Computational Investigation of Copper Phosphides as Conversion Anodes for Lithium-Ion Batteries

[Image: see text] Using first-principles structure searching with density-functional theory (DFT), we identify a novel Fm3̅m phase of Cu(2)P and two low-lying metastable structures, an I4̅3d–Cu(3)P phase and a Cm–Cu(3)P(11) phase. The computed pair distribution function of the novel Cm–Cu(3)P(11) phase shows its structural similarity to the experimentally identified Cm–Cu(2)P(7) phase. The relative stability of all Cu–P phases at finite temperatures is determined by calculating the Gibbs free energy using vibrational effects from phonon modes at 0 K. From this, a finite-temperature convex hull is created, on which Fm3̅m–Cu(2)P is dynamically stable and the Cu(3–x)P (x < 1) defect phase Cmc2(1)–Cu(8)P(3) remains metastable (within 20 meV/atom of the convex hull) across a temperature range from 0 to 600 K. Both CuP(2) and Cu(3)P exhibit theoretical gravimetric capacities higher than contemporary graphite anodes for Li-ion batteries; the predicted Cu(2)P phase has a theoretical gravimetric capacity of 508 mAh/g as a Li-ion battery electrode, greater than both Cu(3)P (363 mAh/g) and graphite (372 mAh/g).

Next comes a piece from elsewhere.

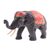 Wood sculpture, 'Vibrant Fortune' - Hand-Carved Wood Sculpture of Elephant with Red Tones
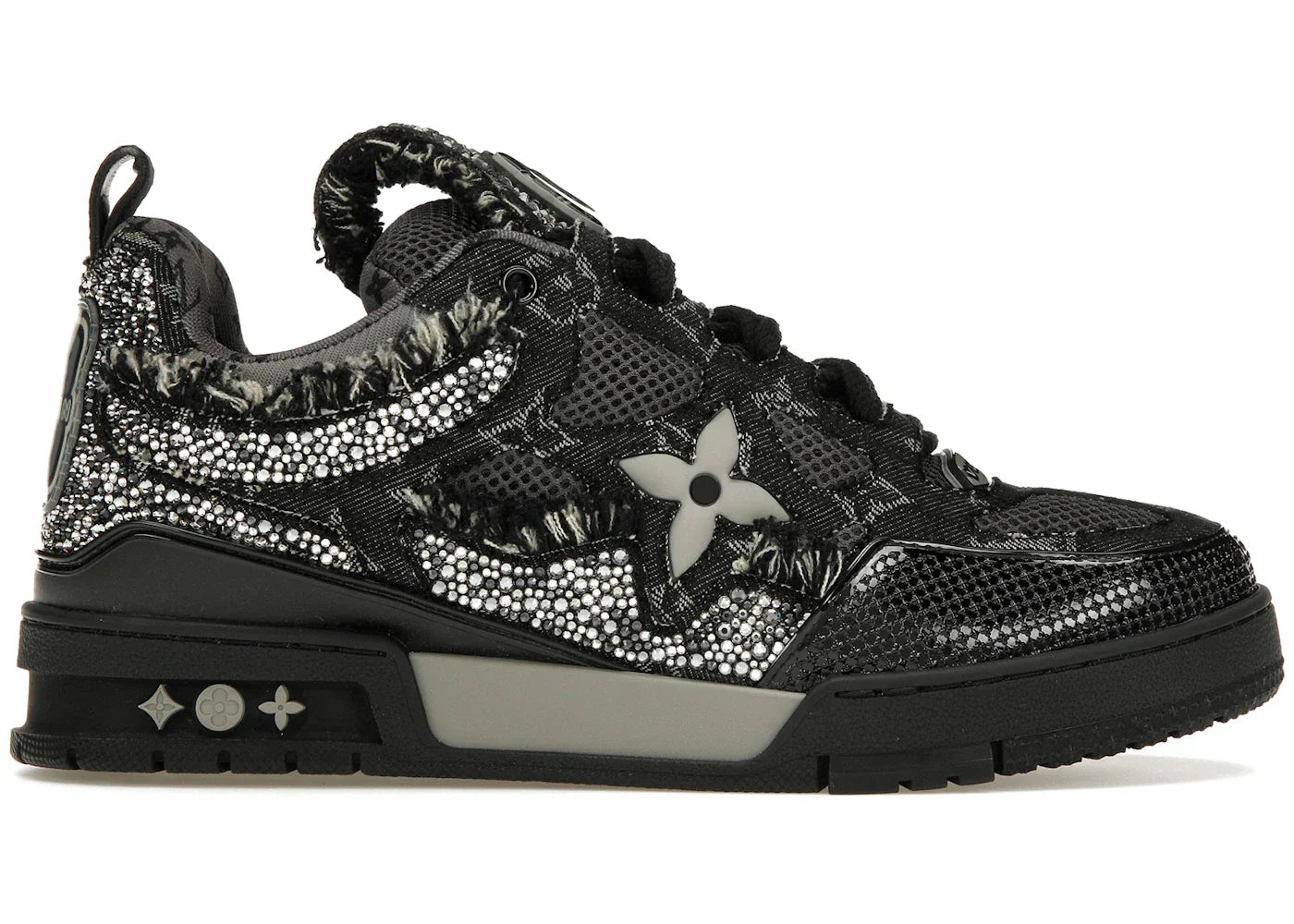 Louis Vuitton Skate Trainer Black Swarovski Monogran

Cu(2)P is also predicted to be both nonmagnetic and metallic, which should promote efficient electron transfer in the anode. Cu(2)P’s favorable properties as a metallic, high-capacity material suggest its use as a future conversion anode for Li-ion batteries; with a volume expansion of 99% during complete cycling, Cu(2)P anodes could be more durable than other conversion anodes in the Cu–P system, with volume expansions greater than 150%. The structures and figures presented in this paper, and the code used to generate them, can be interactively explored online using Binder.